As an IT Ops person, you're probably already pretty familiar with monitoring, and make no mistake: it's just as important under DevOps as it was before DevOps. Monitoring not only to notify someone when something goes wrong, but also monitoring to help profile applications (and their supporting services and infrastructure), so you can proactively address problems before they become severe.
But IT Ops' definition of "monitoring" often isn't as inclusive as it should be. We tend to only monitoring the things that are directly under our control. We monitor network usage, processor load, and disk space. We monitor network latency, service response times, and server health. We monitor these things because we can affect these things.
One of the biggest collaborations a DevOps organization can have, however, is monitoring the end user experience. It's something we, as IT people, can't directly touch, but if the whole point of IT is to deliver apps and services to users (and yes, that is the whole point), then the end-user experience of those apps and services is quite literally the only metric that matters. Why do we measure network latency? Because it contributes to the user experience. Why do we measure service response time? User experience. We attempt to indirectly measure the end-user experience, because we've often no way of directly measuring it.
DevOps' philosophy of developers and operations collaborating comes to a pinnacle with end-user experience monitoring. Developers should build applications with the ability to track the end-user experience. For example, when some common operation is about to begin, the application should track the start time, and then track the end time. Any major steps in between should receive a timestamp, too, and that information should be logged someplace. In Operations, we need to provide a place for that log - that performance artifact - to live, and we need to provide a way for developers to access it. We need to baseline what "normal" performance looks like, and monitor to track for declines in that baseline. Operations may be responsible for the monitoring itself, but developers, in their code, can give us the instrumentation to monitor what matters most.
If end-user experience numbers begin to decline - say, the time it takes to perform a common query and display the results starts to get longer and longer - then we can dig into more detailed instrumentation and see if we can find the cause. Is it network latency? Server response time? Any other correlations that might point to a cause?
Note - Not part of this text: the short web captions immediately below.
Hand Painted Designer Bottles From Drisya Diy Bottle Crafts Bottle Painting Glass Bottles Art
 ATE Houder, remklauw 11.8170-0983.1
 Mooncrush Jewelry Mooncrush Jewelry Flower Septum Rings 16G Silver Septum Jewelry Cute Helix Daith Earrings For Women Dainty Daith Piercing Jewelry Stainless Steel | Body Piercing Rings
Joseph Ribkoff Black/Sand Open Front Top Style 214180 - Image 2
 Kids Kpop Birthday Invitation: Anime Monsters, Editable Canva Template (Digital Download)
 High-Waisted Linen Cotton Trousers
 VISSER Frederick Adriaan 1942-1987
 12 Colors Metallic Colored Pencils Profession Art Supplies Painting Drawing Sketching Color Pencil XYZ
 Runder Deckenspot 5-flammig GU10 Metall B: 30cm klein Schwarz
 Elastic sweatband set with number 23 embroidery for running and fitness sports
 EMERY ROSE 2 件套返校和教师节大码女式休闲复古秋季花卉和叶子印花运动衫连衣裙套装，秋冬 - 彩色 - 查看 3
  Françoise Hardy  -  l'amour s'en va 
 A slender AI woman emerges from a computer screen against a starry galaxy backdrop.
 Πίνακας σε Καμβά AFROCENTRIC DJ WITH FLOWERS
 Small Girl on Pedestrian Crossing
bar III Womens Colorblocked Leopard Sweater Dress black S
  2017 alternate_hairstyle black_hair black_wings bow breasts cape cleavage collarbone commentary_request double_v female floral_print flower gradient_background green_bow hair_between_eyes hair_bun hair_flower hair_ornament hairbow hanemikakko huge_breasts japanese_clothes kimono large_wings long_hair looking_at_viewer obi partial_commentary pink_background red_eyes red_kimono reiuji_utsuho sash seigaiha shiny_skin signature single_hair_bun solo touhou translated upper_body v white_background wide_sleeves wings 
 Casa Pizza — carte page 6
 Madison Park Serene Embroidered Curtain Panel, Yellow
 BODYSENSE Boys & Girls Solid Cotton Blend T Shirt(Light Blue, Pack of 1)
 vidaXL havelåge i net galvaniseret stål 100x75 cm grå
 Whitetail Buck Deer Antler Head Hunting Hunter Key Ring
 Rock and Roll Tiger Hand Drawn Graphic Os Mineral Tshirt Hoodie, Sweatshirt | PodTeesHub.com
But by directly measuring what our users experience, we have an unassailable top-level metric that represents the most real-world thing we can possibly have on the radar.
I'm making a big deal of end-user experience monitoring not only because it's important and useful, but also because it's one of the easiest-to-grasp examples of what DevOps is all about. Developers have traditionally cared about users' experience (in theory), but they're extremely disconnected from it. Operations is very connected to what users experience (we get the Help Desk calls, after all), but we're relatively powerless to put our fingers directly on it. Through the collaboration that drives DevOps philosophy, though, developers and operations personnel can come together to do their collective job better.